__Exercise prompt__: Write the entries out exactly. Any images they hold stay out of the copy.

-- Extracted information follows --

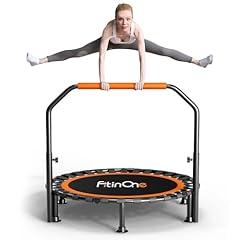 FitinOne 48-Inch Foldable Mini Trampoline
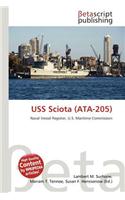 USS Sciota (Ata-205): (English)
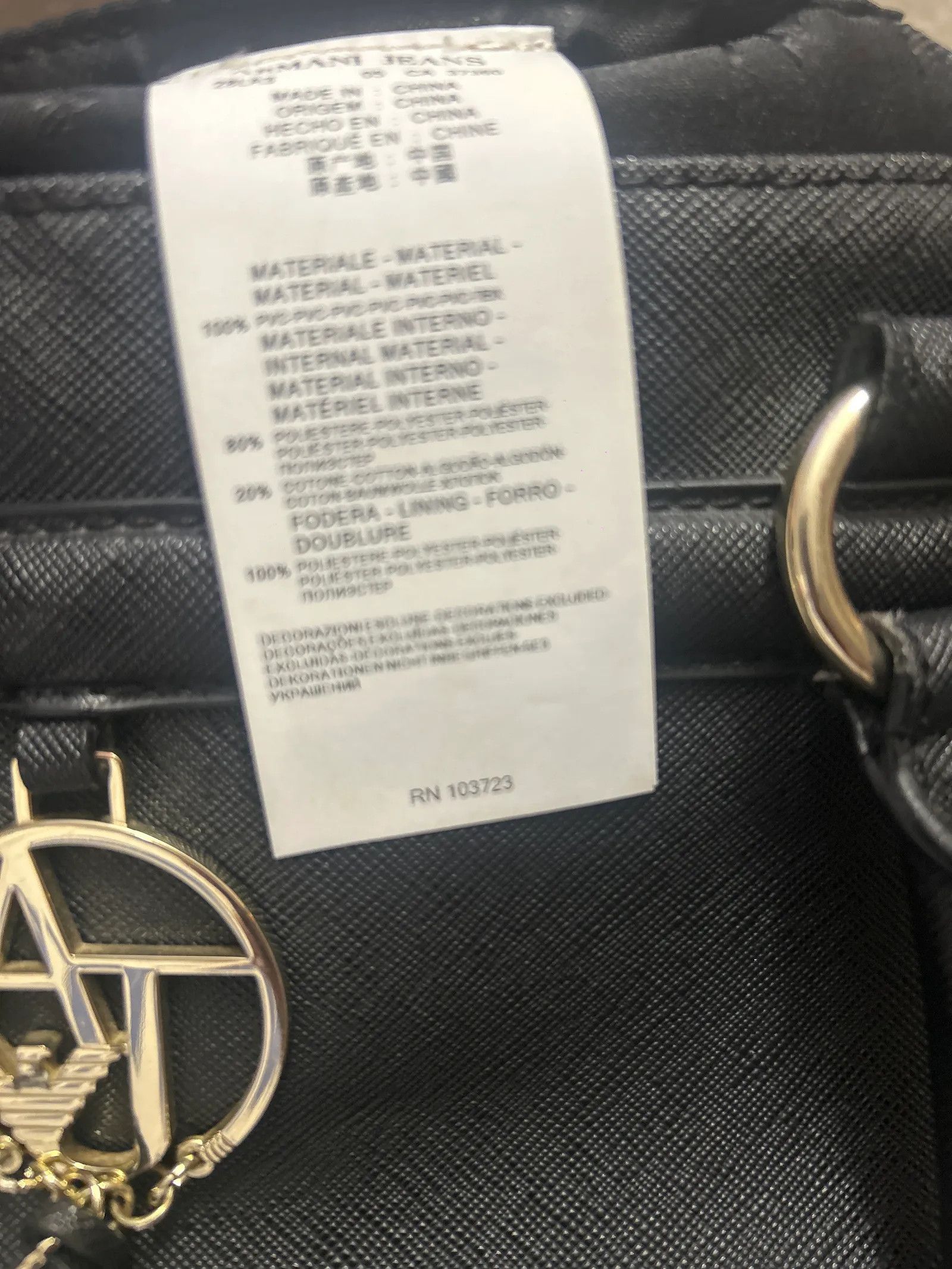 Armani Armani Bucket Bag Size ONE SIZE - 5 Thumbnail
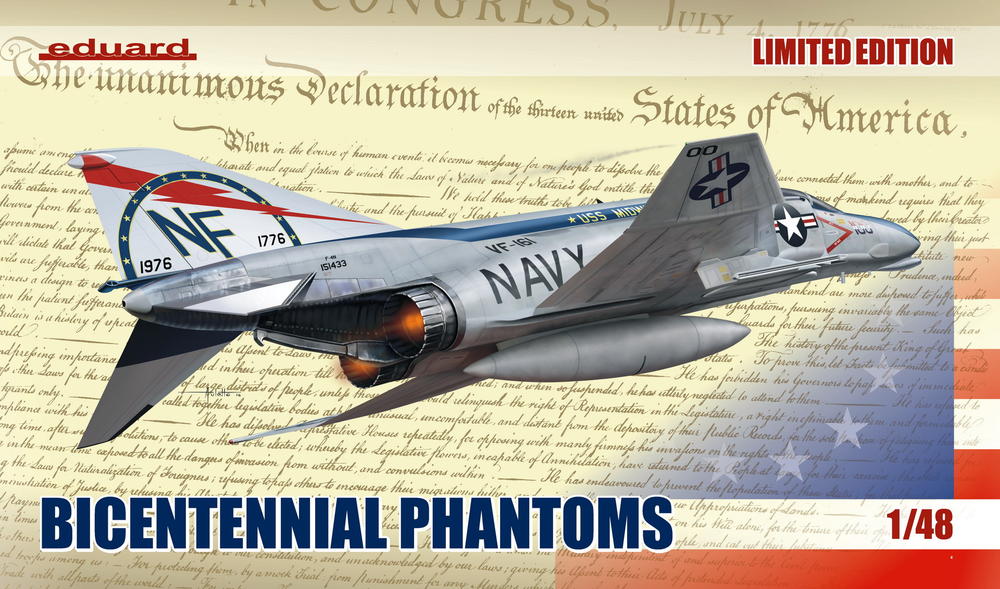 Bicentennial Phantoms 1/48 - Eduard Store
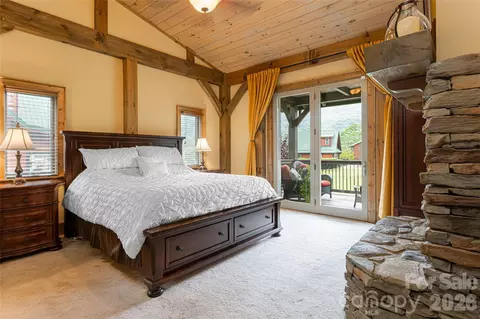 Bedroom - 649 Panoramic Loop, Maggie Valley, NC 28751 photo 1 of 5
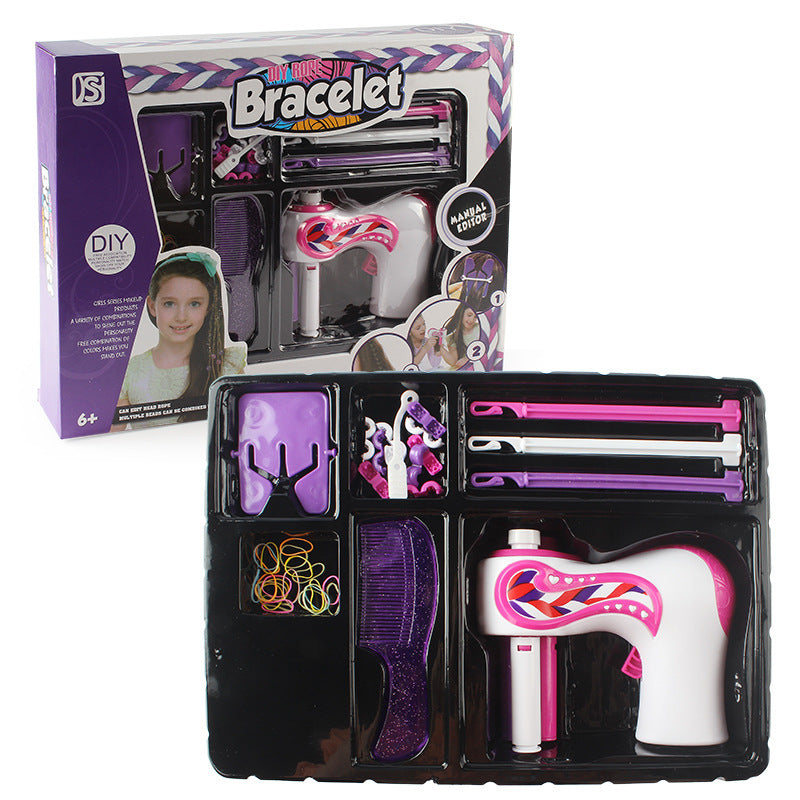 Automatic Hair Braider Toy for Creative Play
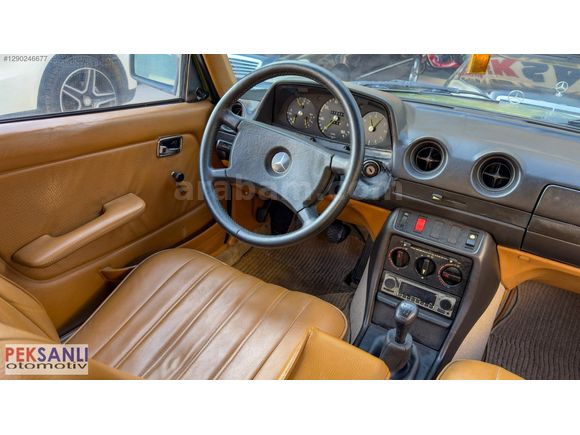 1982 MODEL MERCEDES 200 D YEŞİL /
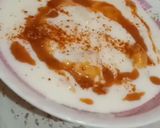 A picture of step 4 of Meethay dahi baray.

-- Extracted information concluded --

__Task output__:
 FitinOne 48-Inch Foldable Mini Trampoline
 USS Sciota (Ata-205): (English)
 Armani Armani Bucket Bag Size ONE SIZE - 5 Thumbnail
 Bicentennial Phantoms 1/48 - Eduard Store
 Bedroom - 649 Panoramic Loop, Maggie Valley, NC 28751 photo 1 of 5
 Automatic Hair Braider Toy for Creative Play
 1982 MODEL MERCEDES 200 D YEŞİL /
 A picture of step 4 of Meethay dahi baray.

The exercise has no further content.